Unknown Speaker 50:38
Yeah. I hope so.
Walt Zerbe 50:43
Yeah. So have I missed anything else that anybody like to add anything else to this conversation? It could be about the process or anything? I don't, I don't care.
Speaker 2 50:53
Do you feel like the timing is right. And like the industry has been moving towards, you know, has been moving much more towards wellness. And, and I kind of I see this as a cornerstone of wellness, you know, the, the neurological side. And, you know, most of what we've been seeing in wellness is has been more on the on the physical side and more on the you know, on the light side of, of physical health, you know, men not so much on the side of mental health. So, you know, I would like to see this gain more traction for that.
Walt Zerbe 51:40
Yeah, if I were starting a business right now, I would try to center it. I wouldn't call it like, you know, waltz wiring or something? I would, I would, I would totally try to wrap it around wellness. And but I don't know, it's tough to find a name. But basically, that's the goal. How do you how do you try to put tech into improves and through improve the lifestyle and and the quality of everyone's life that lives in the residence? That's that's the goal. What about easy to say, tough to do about
Unknown Speaker 52:13
Walt's wellness world?
Walt Zerbe 52:17
Sounds like a movie. What was that Ray? Well, it's
Speaker 1 52:22
a wild wellness. We
Walt Zerbe 52:27
all right. Well, Sam, any last words here
Speaker 1 52:30
that I don't have? Right? Is, oh, I was just gonna say I, this came up many times in the planning and the execution of this of this team internship with Nirvana, you know, dealing with neurodiverse population, we were very lucky to have a number of folks who did self identify as on the spectrum.
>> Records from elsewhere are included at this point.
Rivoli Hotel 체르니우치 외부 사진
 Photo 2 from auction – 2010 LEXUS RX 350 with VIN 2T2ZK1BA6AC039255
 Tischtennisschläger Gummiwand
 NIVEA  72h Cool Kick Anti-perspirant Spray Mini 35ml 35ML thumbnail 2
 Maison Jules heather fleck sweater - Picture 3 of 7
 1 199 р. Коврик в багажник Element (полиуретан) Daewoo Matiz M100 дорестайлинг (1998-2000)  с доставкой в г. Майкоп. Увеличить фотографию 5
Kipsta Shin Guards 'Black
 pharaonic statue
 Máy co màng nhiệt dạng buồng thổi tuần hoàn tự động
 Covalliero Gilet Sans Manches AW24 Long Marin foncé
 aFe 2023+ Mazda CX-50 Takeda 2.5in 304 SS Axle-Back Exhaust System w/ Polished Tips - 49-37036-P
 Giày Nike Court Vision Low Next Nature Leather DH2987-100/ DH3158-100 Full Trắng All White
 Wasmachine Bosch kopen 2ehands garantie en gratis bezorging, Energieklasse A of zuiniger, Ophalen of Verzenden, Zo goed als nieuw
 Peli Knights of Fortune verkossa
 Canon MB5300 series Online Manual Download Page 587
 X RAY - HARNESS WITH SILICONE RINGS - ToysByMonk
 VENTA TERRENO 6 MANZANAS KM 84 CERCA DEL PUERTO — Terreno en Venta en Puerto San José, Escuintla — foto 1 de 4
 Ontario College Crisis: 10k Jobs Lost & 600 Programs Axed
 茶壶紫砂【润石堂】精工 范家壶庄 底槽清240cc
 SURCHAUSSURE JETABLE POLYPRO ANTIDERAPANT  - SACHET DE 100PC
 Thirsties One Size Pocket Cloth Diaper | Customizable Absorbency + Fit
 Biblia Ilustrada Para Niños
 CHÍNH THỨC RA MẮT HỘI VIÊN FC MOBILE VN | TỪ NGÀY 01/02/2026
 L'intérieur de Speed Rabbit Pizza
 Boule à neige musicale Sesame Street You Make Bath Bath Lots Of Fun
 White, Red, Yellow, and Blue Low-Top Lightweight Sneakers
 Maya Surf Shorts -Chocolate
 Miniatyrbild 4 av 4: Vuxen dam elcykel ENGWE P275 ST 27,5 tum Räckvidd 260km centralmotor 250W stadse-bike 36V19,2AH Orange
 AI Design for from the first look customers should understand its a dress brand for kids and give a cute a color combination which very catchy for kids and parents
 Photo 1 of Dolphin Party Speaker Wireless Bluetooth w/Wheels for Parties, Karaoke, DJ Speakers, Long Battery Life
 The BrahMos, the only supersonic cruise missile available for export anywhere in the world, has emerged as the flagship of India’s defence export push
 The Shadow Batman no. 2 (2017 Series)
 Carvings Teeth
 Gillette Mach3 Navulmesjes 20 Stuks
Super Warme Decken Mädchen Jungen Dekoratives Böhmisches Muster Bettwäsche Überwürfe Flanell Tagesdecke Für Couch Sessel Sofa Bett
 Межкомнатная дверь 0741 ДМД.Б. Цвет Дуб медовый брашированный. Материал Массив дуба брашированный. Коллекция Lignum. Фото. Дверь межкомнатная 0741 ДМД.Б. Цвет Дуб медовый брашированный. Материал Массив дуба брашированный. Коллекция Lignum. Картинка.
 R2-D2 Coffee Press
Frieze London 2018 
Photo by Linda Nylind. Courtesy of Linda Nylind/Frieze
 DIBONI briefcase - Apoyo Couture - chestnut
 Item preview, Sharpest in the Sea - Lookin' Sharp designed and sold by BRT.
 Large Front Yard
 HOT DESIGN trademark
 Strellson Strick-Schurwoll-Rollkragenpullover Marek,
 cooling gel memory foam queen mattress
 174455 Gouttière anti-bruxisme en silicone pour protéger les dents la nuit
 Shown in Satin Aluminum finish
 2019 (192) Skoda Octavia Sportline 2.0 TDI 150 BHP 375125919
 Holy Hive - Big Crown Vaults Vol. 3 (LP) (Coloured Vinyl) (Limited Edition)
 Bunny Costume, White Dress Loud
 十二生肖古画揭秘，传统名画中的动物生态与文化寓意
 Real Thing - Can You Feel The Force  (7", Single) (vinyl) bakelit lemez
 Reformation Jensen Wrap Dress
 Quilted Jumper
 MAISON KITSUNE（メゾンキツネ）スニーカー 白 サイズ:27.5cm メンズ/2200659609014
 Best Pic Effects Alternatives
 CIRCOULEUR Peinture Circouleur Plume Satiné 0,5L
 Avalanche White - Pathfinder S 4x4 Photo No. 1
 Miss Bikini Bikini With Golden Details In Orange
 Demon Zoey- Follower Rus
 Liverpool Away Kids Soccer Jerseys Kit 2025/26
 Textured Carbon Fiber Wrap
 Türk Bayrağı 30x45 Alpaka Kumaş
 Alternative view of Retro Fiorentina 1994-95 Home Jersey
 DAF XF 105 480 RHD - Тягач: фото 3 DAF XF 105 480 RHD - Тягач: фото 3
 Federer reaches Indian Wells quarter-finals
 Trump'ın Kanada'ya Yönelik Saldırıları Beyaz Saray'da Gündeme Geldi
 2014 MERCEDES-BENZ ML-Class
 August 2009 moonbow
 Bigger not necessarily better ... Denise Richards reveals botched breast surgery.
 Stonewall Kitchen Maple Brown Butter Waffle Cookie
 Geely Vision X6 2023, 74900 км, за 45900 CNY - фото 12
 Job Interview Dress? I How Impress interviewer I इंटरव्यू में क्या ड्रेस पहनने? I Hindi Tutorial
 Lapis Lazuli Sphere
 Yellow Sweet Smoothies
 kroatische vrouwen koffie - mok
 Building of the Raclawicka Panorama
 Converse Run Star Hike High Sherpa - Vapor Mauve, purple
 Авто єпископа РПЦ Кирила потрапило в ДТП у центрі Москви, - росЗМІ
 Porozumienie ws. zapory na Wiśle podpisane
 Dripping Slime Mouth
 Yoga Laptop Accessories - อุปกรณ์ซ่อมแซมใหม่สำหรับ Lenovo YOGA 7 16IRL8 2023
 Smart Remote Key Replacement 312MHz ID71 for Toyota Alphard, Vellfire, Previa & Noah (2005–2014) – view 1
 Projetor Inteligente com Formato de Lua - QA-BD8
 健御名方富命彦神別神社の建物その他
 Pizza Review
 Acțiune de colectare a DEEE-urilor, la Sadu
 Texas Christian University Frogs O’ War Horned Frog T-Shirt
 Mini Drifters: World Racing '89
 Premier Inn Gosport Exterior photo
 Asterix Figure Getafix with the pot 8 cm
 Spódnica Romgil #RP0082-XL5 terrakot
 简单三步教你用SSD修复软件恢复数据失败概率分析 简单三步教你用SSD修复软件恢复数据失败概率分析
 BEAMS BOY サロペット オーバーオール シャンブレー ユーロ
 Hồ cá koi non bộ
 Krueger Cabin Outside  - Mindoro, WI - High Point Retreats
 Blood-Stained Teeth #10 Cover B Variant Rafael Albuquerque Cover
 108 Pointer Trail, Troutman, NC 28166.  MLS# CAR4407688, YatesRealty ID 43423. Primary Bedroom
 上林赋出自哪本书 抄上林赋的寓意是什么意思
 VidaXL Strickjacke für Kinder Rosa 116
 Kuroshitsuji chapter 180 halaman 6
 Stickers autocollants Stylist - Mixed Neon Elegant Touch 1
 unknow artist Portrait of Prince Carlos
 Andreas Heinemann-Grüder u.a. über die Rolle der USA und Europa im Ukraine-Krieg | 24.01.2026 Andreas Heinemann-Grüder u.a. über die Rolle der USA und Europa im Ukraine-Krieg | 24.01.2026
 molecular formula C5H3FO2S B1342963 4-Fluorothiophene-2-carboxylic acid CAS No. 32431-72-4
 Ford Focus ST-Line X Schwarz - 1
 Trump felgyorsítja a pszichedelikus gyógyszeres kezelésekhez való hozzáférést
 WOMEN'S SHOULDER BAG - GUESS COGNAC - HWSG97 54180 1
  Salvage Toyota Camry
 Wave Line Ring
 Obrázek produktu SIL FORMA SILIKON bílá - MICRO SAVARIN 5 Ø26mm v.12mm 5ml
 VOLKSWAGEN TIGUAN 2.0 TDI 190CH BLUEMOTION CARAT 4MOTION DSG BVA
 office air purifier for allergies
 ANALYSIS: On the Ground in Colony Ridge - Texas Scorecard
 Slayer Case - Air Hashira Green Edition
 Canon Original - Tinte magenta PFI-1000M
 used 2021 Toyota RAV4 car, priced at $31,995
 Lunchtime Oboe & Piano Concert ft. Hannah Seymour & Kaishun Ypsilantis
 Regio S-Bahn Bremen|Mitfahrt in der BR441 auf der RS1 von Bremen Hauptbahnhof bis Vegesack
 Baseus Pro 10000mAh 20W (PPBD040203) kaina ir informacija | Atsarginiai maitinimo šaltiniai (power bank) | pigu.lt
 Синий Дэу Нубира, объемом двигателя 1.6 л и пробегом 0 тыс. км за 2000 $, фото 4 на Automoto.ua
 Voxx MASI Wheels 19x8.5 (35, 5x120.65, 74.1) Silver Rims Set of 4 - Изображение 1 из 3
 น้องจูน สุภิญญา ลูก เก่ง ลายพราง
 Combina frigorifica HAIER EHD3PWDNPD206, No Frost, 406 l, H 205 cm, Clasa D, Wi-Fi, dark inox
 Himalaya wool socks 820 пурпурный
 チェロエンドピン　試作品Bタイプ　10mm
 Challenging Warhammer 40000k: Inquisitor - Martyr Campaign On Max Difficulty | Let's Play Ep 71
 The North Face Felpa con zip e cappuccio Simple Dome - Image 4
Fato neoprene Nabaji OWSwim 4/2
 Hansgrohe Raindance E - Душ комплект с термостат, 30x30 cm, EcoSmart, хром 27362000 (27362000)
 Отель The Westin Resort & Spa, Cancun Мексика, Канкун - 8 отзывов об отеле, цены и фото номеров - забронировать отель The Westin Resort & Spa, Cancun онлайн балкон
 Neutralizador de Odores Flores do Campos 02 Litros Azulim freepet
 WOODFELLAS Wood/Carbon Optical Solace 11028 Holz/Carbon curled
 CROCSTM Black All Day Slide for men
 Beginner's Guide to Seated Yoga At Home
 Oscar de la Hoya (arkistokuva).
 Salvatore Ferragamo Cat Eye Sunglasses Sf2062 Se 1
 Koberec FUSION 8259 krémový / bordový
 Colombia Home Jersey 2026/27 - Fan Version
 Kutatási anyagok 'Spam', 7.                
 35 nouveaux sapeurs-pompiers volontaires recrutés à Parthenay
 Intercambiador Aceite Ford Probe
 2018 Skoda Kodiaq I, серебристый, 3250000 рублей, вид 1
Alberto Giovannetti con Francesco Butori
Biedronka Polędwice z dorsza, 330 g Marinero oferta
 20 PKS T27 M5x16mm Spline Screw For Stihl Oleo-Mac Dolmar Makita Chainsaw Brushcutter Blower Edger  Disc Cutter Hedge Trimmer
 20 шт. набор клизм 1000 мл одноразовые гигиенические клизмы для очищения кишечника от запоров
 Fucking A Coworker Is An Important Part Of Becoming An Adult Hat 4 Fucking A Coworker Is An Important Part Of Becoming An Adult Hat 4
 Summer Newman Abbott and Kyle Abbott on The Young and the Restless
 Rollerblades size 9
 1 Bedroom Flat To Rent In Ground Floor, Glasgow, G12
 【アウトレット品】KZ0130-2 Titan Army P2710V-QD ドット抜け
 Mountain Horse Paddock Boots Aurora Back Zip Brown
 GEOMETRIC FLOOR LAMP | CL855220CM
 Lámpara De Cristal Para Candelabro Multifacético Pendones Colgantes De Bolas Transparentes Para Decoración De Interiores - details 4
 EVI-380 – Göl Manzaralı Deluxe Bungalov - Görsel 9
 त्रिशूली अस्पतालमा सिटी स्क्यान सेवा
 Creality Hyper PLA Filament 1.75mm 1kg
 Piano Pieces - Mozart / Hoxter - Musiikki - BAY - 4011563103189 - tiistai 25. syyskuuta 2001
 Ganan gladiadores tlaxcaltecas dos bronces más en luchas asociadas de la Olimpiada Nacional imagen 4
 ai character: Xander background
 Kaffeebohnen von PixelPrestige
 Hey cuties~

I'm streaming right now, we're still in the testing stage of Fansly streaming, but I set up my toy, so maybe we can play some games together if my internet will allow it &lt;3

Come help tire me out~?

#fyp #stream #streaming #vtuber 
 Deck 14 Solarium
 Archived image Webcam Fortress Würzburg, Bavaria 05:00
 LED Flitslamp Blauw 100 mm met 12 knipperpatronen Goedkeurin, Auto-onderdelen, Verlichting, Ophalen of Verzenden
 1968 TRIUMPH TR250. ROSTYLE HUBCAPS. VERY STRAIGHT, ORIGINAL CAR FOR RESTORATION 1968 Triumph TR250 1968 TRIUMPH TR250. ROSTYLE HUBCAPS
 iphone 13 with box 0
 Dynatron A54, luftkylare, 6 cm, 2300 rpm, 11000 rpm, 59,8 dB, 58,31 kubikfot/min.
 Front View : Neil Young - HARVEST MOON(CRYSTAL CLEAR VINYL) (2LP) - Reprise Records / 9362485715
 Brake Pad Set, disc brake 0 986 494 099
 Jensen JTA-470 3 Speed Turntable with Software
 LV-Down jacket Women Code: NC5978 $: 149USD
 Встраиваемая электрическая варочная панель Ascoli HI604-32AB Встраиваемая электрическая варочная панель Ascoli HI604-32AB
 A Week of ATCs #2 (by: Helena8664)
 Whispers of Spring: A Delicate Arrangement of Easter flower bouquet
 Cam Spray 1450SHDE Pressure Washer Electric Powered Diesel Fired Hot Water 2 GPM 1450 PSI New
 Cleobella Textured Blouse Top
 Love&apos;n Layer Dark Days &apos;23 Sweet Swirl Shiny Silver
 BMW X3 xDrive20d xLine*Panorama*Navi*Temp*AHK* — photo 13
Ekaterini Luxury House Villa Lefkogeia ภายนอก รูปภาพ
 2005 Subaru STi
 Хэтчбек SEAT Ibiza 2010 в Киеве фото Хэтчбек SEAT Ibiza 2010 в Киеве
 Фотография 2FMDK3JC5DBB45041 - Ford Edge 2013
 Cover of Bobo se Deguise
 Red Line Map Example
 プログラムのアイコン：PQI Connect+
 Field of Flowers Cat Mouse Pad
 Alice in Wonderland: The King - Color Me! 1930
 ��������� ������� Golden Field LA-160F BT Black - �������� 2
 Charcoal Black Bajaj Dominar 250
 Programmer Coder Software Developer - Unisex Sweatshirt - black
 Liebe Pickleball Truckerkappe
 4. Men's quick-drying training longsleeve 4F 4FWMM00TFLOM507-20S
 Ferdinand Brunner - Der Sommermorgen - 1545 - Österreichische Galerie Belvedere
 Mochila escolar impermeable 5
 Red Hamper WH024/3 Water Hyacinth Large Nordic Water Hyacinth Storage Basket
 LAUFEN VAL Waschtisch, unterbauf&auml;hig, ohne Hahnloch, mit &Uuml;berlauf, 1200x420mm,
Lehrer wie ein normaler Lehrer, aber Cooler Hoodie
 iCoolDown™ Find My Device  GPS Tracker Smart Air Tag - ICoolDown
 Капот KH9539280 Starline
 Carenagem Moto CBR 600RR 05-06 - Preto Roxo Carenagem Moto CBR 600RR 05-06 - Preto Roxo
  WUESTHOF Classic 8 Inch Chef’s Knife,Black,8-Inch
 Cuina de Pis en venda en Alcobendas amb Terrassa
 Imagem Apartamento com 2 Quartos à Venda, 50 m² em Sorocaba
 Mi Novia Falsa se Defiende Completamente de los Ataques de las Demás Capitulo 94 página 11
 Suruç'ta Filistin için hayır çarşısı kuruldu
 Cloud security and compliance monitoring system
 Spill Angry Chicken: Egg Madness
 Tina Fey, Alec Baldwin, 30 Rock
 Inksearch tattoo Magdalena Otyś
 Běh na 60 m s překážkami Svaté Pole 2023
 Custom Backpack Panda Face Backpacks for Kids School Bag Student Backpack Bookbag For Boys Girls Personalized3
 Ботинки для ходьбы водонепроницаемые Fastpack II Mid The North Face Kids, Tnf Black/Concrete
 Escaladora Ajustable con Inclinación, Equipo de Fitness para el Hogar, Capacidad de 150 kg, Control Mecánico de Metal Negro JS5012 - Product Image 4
And I think that's important, because one of the key things here is right, nothing's for us or about us without us. And so having that representation, like having those voices heard, I think is a really valuable part of this. And I just wanted to put that out there.
Speaker 5 53:12
Absolutely. And, you know, going off that, you know, I would just say like these solutions apply to everyone, you know, this, this is a framework that is universal, and we're approaching it as a specific problem. But, you know, it applies to everyone. And it's a way to improve the services for everyone, no matter where you're falling on this stuff.
Walt Zerbe 53:35
Yeah, I totally agree. All right. Well, this has been a fantastic discussion. And one that's super important. And I'm hoping anyone listening to this cast will will take it seriously. This can apply to every everybody's business and ultimately, in my mind is what you should be doing. So thanks for for doing this, Pete. And, and thanks, Ivana. And, let's see and Ray for assisting with it. And Sam, you got a lot of fun trying to figure out how to actually make it happen. So good luck to you on that. But this has been just a fantastic discussion. And Vaughn and let's see, I wish you all the best in your schooling and in how you go in the future, we could use brains like yours in our industry. So if you decide we're always looking for people that can help, you know, we used to say, you know, people that are techie people that can, you know, do technology, but ultimately this is what it's about. And it takes your kind of a mindset to, to actually make a difference. So I hope you guys might end up in our industry sometime. That'd be super awesome. But nonetheless, good luck to you. So thanks, everyone for being on this cast and doing it with me. Thank you all. Thank you.
Unknown Speaker 54:46
Walt Zerbe 54:47
Thanks. Alright. Thanks for listening to the CD a podcast. And you're not gonna say but at least keep an open mind.